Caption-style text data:
◇ ◇ ◇

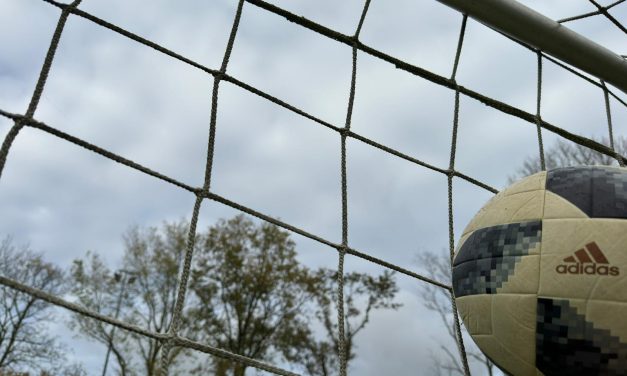 Het successeizoen van NEC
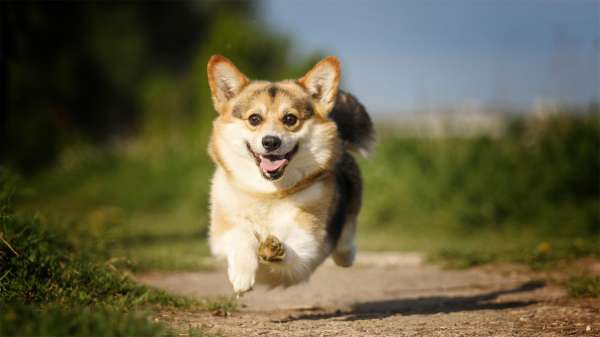 呆萌可愛(ài)短腿柯基狗狗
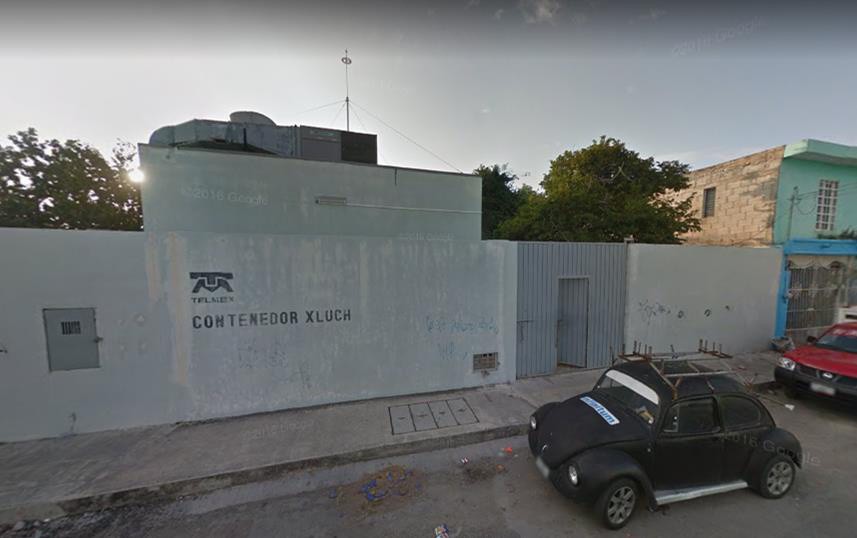Piden que se corte un árbol de una oficina Piden que se corte un árbol de una oficina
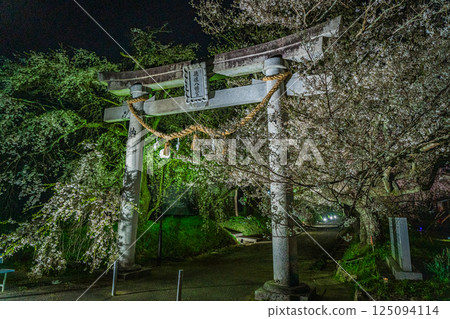Illuminated weeping cherry blossoms 125094114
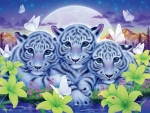 white tigers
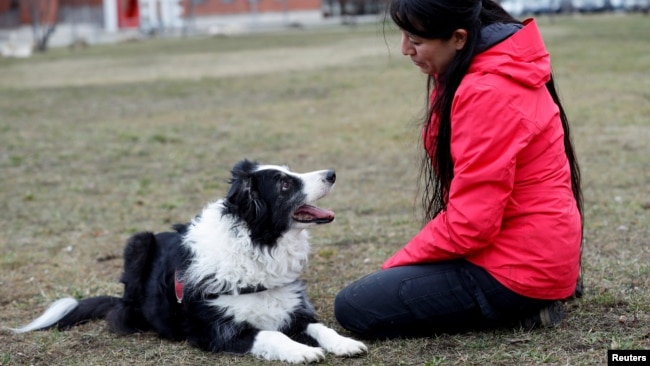 Postdoctoral researcher Laura V. Cuaya talks to her dog Kun-kun, an 8-year-old Border Collie, at the Ethology Department of the Eotvos Lorand University in Budapest, Hungary, January 5, 2022. (REUTERS/Bernadett Szabo)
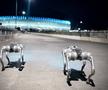 Câinii-robot K9-X vor face legea la Campionatul Mondial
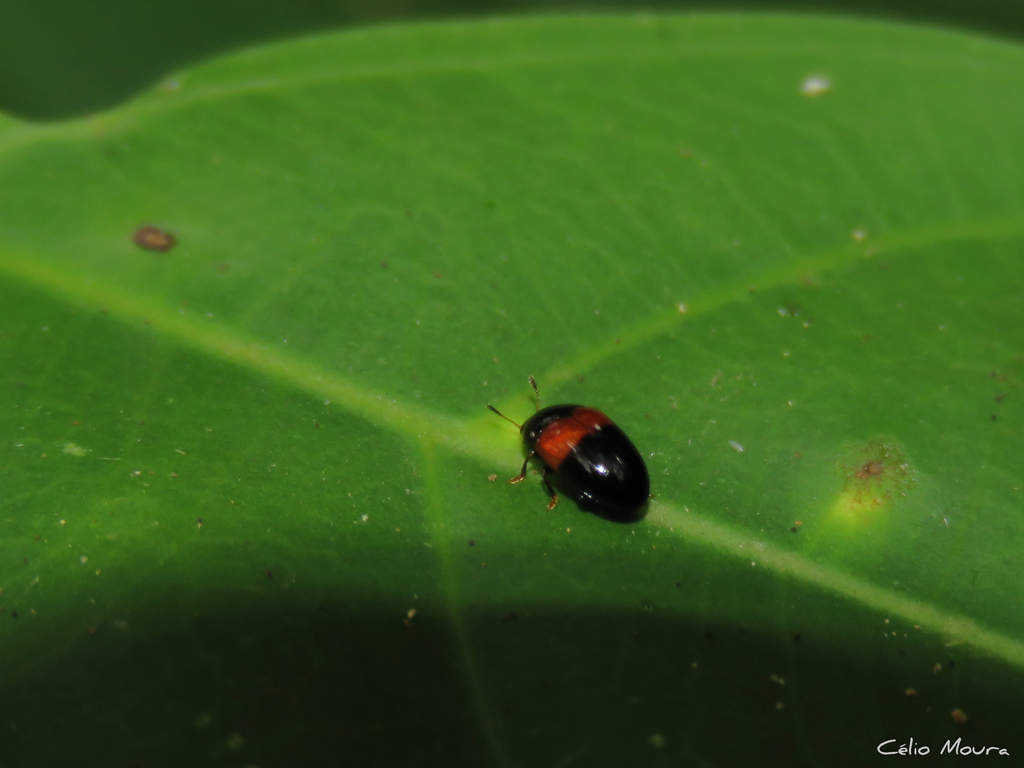Triplax brasiliensis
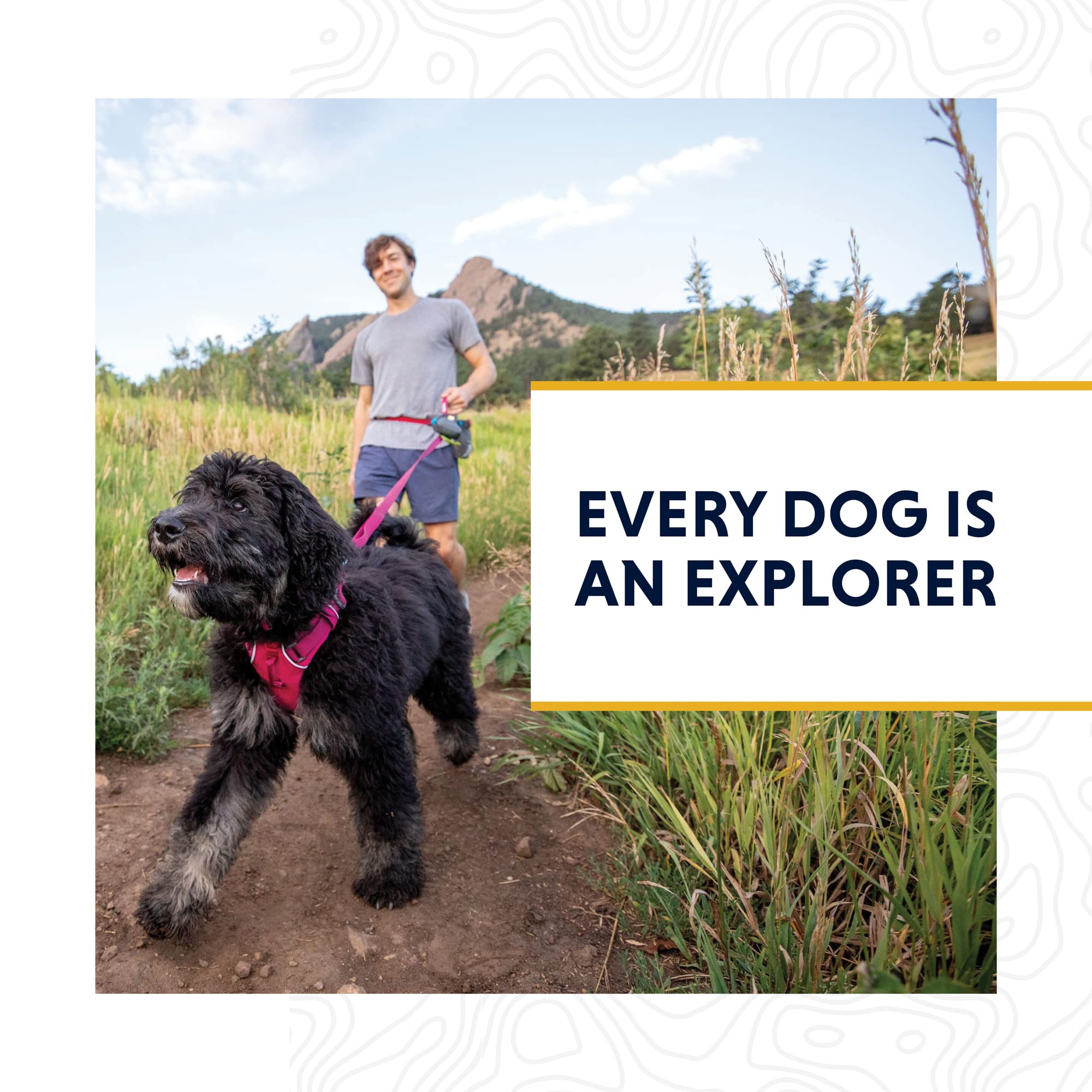 Ruffwear Knot-a-Leash used in rainy conditions for dependable daily use.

◇ ◇ ◇

Exercise requirements: Could you restate every record above word for word, leaving the pictures out?

Reply:
 Het successeizoen van NEC
 呆萌可愛(ài)短腿柯基狗狗
Piden que se corte un árbol de una oficina Piden que se corte un árbol de una oficina
Illuminated weeping cherry blossoms 125094114
 white tigers
 Postdoctoral researcher Laura V. Cuaya talks to her dog Kun-kun, an 8-year-old Border Collie, at the Ethology Department of the Eotvos Lorand University in Budapest, Hungary, January 5, 2022. (REUTERS/Bernadett Szabo)
 Câinii-robot K9-X vor face legea la Campionatul Mondial
Triplax brasiliensis
 Ruffwear Knot-a-Leash used in rainy conditions for dependable daily use.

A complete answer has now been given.